On 20 November 2017, Eastern Field Developments Limited made a takeover bid for Finders Resources Limited, subject to a 50.1% minimum acceptance condition and certain other conditions. The bid valued Finders, the operator of the Wetar Copper Project in Indonesia, at approximately $177 million.

In mid-December 2017, Finders issued a series of statements to the effect that a number of shareholders (totalling between 33% and 38% in the different announcements) stated that they would not accept the offer. Finders disclosed the names of the holders and the numbers of shares they spoke for, but most of the shareholders had not been warned that they may be bound by the statements.

The exceptions were two directors (who owned about 1.7% of the Finders shares between them) and an 11.31% shareholder, Taurus Funds Management Pty Ltd. Taurus advised the company that it did not intend to accept, but that it would advise Finders if it changed its mind. However, it later approved a public non-acceptance statement attributed to it, which omitted that qualification.

On 14 February 2018, Eastern declared the bid unconditional, and that acceptances stood at 5% (it had started with a 19.8% stake). On 12 March 2018 it declared the price final, and on 16 March 2018, it announced that its relevant interests were at 48.4%. On 19 March 2018, Taurus accepted the Eastern offer, the Finders board reversed its recommendation not to accept, and the two Finders directors stated that, given control had passed, they would now accept the bid, though they still thought it underpriced, and that shareholders then had ten days to accept the bid.

ASIC applied to the Panel, with Eastern’s support, to have the directors’ and Taurus’ acceptances set aside. ASIC succeeded as regards Taurus, but not the directors. Without Taurus’ 11%, Eastern would have approximately 83% of Finders, and would not be obliged to issue buy-out notices to the minority shareholders.

The decision remains subject to a review application to the Review Panel by Taurus. At the time of writing, the outcome of that application was unclear.


The Panel reached its decision by applying to Taurus, but not to the directors or the other shareholders, a statement in ASIC’s truth in takeovers policy (ASIC Regulatory Guide 25 Takeovers: false and misleading statements) (RG25) that certain market participants who:

“make a last and final statement should be held to it, as with a promise”.

It needs to be remembered that this truth in takeovers policy was originally applied to substantial holders (that is, persons who have voting power in the target in excess of 5%) because in one instance a holder of a blocking stake had stated that it would not accept a bid down to the last minute, when it changed its mind and accepted, too late for many small shareholders to follow it in accepting. The policy does not concern the breach of a solemn oath, but disappointing the reasonable reliance by others on your stated position.

The Panel sought to explain the different treatment of Taurus on the one hand and the two directors on the other hand by saying that Taurus was a substantial holder which had made a considered and informed decision to authorise a non-acceptance statement without reserving the right to change its position. The same is true of the directors, of course, except that they were not substantial holders.

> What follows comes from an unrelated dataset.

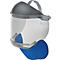 Gelaatsscherm met grijze helm en blauwe kinbeschermer. Transparante vizierplaat. Verstelbare hoofdband.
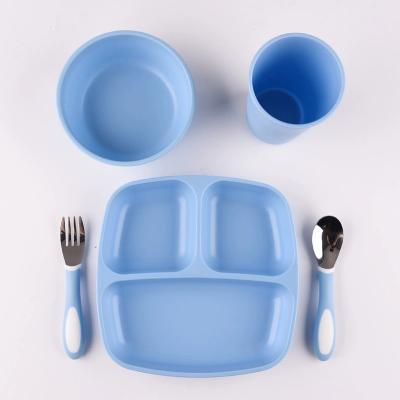 China Sustainable High Quality Food Grade Anti-fall Baby Cutlery Baby Tableware for sale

ASIC submitted that by making their non-acceptance statements, the directors had precluded themselves from accepting the bid, and their acceptances should be reversed. The Panel did not accept this submission, saying that:

“in most circumstances statements by directors in a target’s statement that they do not intend to accept a bid in relation to their shares should not attract the operation of RG 25 unless a director is a substantial holder. The market is likely to interpret any statements made by such directors to move with the board recommendation.”

This recognises what is generally accepted as market practice. It is both usual and proper for directors who think a bid is underpriced to recommend rejection and state that they do not intend to accept, but to reverse their recommendation in good time if the bid nonetheless succeeds. In doing so, they are in good company: according to legend, when accused of inconsistency, JM Keynes replied:

“When the facts change, I change my mind. What do you do?”

The Panel also did not hold the remaining non-substantial holders (holding around 25% in aggregate) to their unqualified intention statements. Besides, none of those shareholders being substantial holders on an individual basis, it appears the Panel took into account the fact that the financial adviser who had gathered the statements from shareholders for Finders did not advise those shareholders that RG25 may apply to their statements.


In drawing the distinction between the treatment, for truth in takeovers purposes, of statements by substantial holders and statements by non-substantial holders, the Panel appeared to rely primarily on the fact that RG25 is expressed to apply only to substantial holders. The Panel added that it considered that the market would have expected Taurus, which as an 11.31% holder had the capacity to block compulsory acquisition, would be bound by its statement and therefore the market would have relied on its statement. Therefore, departure from the statement resulted in the acquisition of control of Finders not taking place in an efficient, competitive and informed market.

The Panel did not accept that Taurus had the same right as non-substantial holders making the same non-acceptance statement to change its position in light of the progress (however unwelcome) of the bid - the offer becoming unconditional, control having passed, the board changing its recommendation and the offer being due to close. The Panel commented that those matters were foreseeable and that if Taurus wanted to change that statement it should have reserved the right to do so.

Whilst we agree that the market would certainly have been better served if Taurus had meaningfully qualified its public statement from the outset, the Panel did not specifically identify any adverse effects of Taurus’ conduct constituting unacceptable circumstances (i.e. prejudice to any shareholders who had relied on Taurus’ non-acceptance statement resulting from its change of position).

In fact, it might be contended that, once Eastern held nearly 50% of the shares, it would have been irrational for any shareholder to rely on any action or inaction on Taurus’ part to prevent Eastern from taking control of Finders (particularly in circumstances where Eastern’s bid was not subject to a 90% minimum acceptance condition). When the Finders board recommended acceptance of the bid, remaining shareholders had ten days to accept. Ten days is consistent with statutory benchmarks, and in any event the bid is still open, more than 10 weeks later. The Finders board did not refer to Taurus’ change of position. There was no need to: on one view, Taurus’ position had become irrelevant, as well as untenable, once Eastern reached 50%. On this view, the impact of Taurus acting inconsistently with its original statement on an efficient, competitive and informed market for Finders is less clear.

There are certainly some lessons from the Finders decision for major shareholders. Taurus could clearly have managed things better: it should have insisted that its reservation be retained in the non-acceptance statement publicly attributed to it or (more usefully) given advance notice that it would accept the bid when and if other acceptances gave Eastern control of Finders (and then have waited until Eastern had a relevant interest over 50% before accepting).

But the question needs to be asked whether, through the strict application of the broad truth in takeovers policy in the Finders decision, we have seen the policy harden into a black and white rule which applies to any unqualified intention statement by a substantial holder irrespective of any subsequent change of circumstances, and which is applied without attending to the basis of the policy? This question is particularly relevant considering where the only clear prejudice resulting from these events is to Taurus’ investors and to the 6% minority shareholders in Finders who will not receive buy-out notices from Eastern.